Financial Trading Blog

Gold at +10% YTD amid Trade Uncertainty



The Fed is expected to keep its stance on interest rates remaining high for an extended period of time, but gold prices could now be more influenced by trade than policy.

Breaking the Trend

Typically, gold prices move inversely to interest rates as investors lose their appetite for the non-yielding yellow metal when bonds offer better returns. Nevertheless, recent anxieties around the inflationary effects of tariffs and general geopolitical uncertainty surrounding the trade disputes have left traders scooping up gold as a safe haven. Despite technical indicators suggesting that gold prices have reached overbought levels near $2,900 and advanced in early trading this week after seven consecutive weeks of gains, prices remain below the all-time high of $2,945 reached on Tuesday.

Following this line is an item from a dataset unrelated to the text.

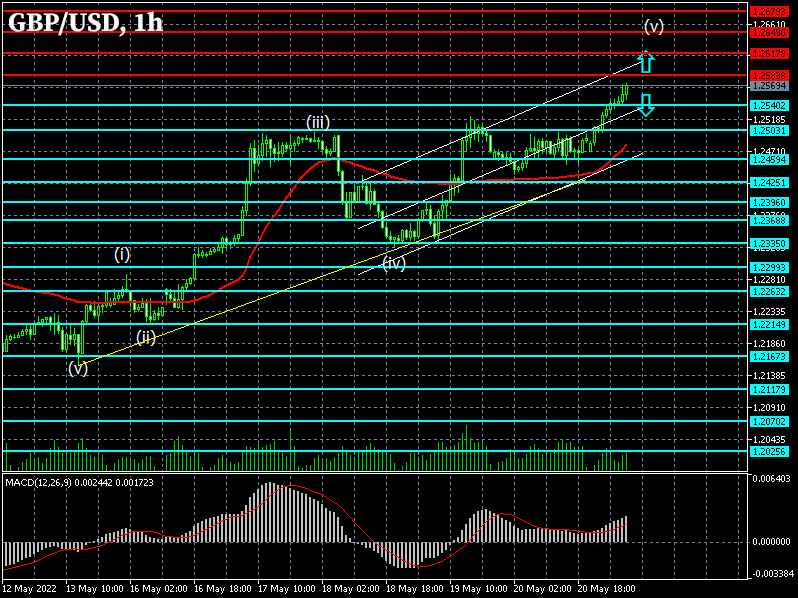 GBPUSD: Forex strategy for the pound/dollar pair on 23/05/2022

The market is expected to closely watch the release of the minutes from the latest FOMC meeting on Wednesday for insights into the next moves for gold. The Fed kept interest rates on hold as widely expected and signalled that they would remain high for an extended period. The minutes, however, will receive additional scrutiny in light of the recent strong employment figures and inflation exceeding expectations. Fed Chair Jerome Powell might have foreshadowed the consensus in his semi-annual testimony before Congress, wherein he essentially stated that there would be no further rate cuts unless inflation and employment data trends change. Bond yields in the US have stabilised somewhat since the release as investors ponder the potential impact of tariffs on the economy and, consequently, interest rates.

What Can Move the Markets

The lower yields received support from the release of January retail sales data on Friday, which showed the largest decline in nearly two years at -0.9%. Although some of this could be attributed to one-off effects, such as the unusually low temperatures and wildfires, the broad range of sectors affected by the decline could be an indication that US consumers are cutting back after four months of strong growth. The data was perceived as dovish, something that President Trump has been vocal in advocating for. After initially pricing out a second rate cut in the wake of the hotter-than-expected inflation data, markets are now marginally pricing in a more than 50% chance that the Fed will cut rates twice this year.

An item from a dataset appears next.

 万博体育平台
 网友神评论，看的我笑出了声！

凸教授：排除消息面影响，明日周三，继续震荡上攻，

Some analysts suggest that gold could rise to as much as $3,500 per ounce, taking into account the upward pressure from the uncertainty surrounding tariffs and the potential lower interest rates providing further tailwinds. However, tariff threats are still mostly threats, and this uncertainty is helping support gold. As more details emerge about the actual application and content of the tariffs, as well as their real effect on the economy, the markets could adjust.

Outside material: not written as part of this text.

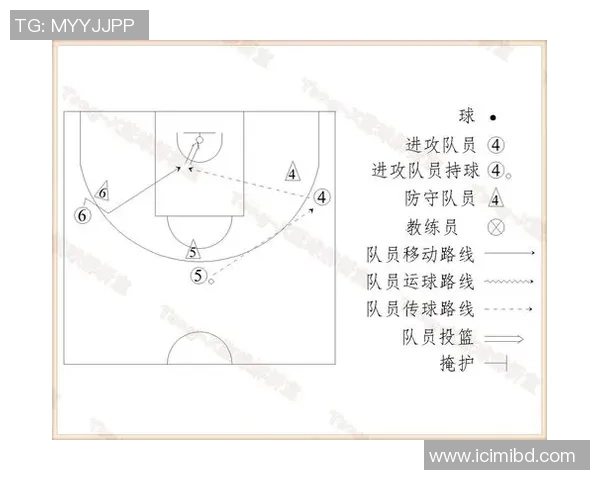 西安篮球队整体压制体系解析与战术应用探讨 西安篮球队整体压制体系解析与战术应用探讨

Pennant Could Propel Prices Past 3K

A pennant pattern may have formed in gold, which could push prices to $3015 per ounce if a breakout above the peak of $2940 occurs. However, if bullish momentum wanes, the pattern could evolve into a triangle, extending the period of consolidation between the peak and $2860.  Below the local support, a breakdown of $2830 could expose lower levels and potentially lead to a deeper correction, likely turning the pattern into a flag pattern.

Source: SpreadEx / Gold

Key Takeaways

While the Fed is expected to keep interest rates high for a longer period, gold prices could be influenced more by trade dynamics as details about the potential impact of tariffs come to light. The current uncertainty surrounding tariffs and potential inflationary effects has prompted investors to seek the safe haven. Nonetheless, the actual implementation and impact could lead to adjustments in rate expectations, eventually altering the trajectory of gold prices.